Au-delà de la simplification, l’impact de ces partenariats peut être amplifié et démultiplié grâce à la mutualisation.
Bien sûr, quand on parle de mutualisation devant des maires, ils pensent immédiatement aux communautés de communes. Elles peuvent être très efficace, si les communes ont un projet commun, partagé, mobilisateur et rassembleur. Mais il faut être vigilant. Les exemples d’échecs ne manquent pas dans ce domaine, surtout quand des communautés de communes ont été créées pour des raisons politiques, ou bien uniquement pour bénéficier d’un effet d’aubaine financier.
Vous avez, à votre disposition, d’autres moyens de mutualisation. On observe plusieurs expériences réussies en Polynésie française : le SMO, le Syndicat Mixte Ouvert, qui gère les déchets des îles du vent, ou le SIVU, le syndicat intercommunal à vocation unique, qui se charge de mettre en place un schéma directeur pour l’assainissement collectif à Pirae et Arue.
Dans le domaine de la protection civile, nous pouvons citer aussi un exemple de réussite. Il s’agit de la mise en place prochaine d’un centre de traitement de l’alerte (CTA) commun à trois communes : Arue, Pirae et Mahina. Ce centre permettra de répondre, 24h sur 24, 7 jours sur 7 aux sollicitations des habitants en cas d’urgence. Il présente un double avantage pour les communes :
D’abord il permettra, grâce à des outils informatiques modernes, de fiabiliser la réception des appels d’urgence et d’assurer un meilleur service pour les habitants.
Grâce à cette mutualisation, les communes auront également la possibilité de réaffecter une partie des ressources humaines dédiées à ce service vers des fonctions opérationnelles.
Ce projet est une solution gagnant-gagnant. Il permet aux communes de fournir un service de meilleure qualité aux habitants, pour un coût moindre.

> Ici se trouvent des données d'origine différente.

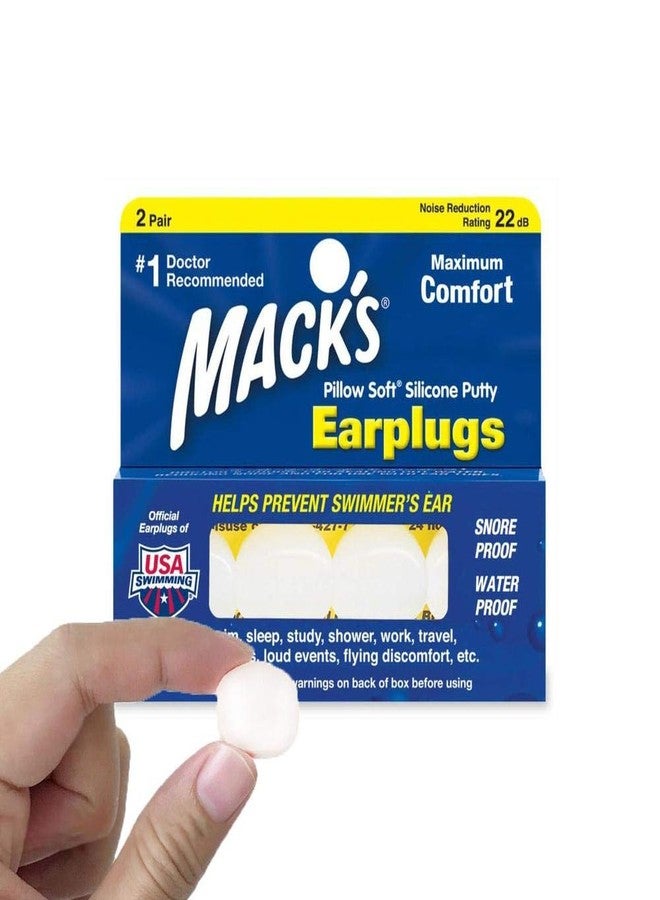 Mack's Mack’s Pillow Soft Silicone Earplugs, 2 Pair – The Original Moldable Silicone Putty Ear Plugs for Sleeping, Snoring, Swimming, Travel, Concerts and Studying White - Image 2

Pour la création de ce centre, un appel d’offre a été publié à la fin du mois d’août. Le CTA devrait être mis en service au courant du deuxième trimestre 2016. Ce projet de mutualisation a d’ailleurs reçu le soutien financier du Pays et de l’Etat par l’intermédiaire du FIP qui finance à 100% le matériel informatique. Voici donc un beau projet, il peut en inspirer d’autres.
Pour résumer et pour conclure, nous disposons d’instruments de partenariat qui font leurs preuves : nous les faisons évoluer par consensus, ce qui est signe de bonne santé (par exemple pour les critères du FIP) et nous programmons de nombreux chantiers.
Pour aller au-delà, je viens d’esquisser certaines orientations : la simplification des textes et la mutualisation qui sont de nature à renforcer l’impact de ces partenariats. Il vous appartient, au Pays dans le cadre du statut d’autonomie, aux communes dans le cadre de leurs compétences, de poursuivre la réflexion sur ces sujets. L’Etat sera présent pour vous accompagner dans cette réflexion.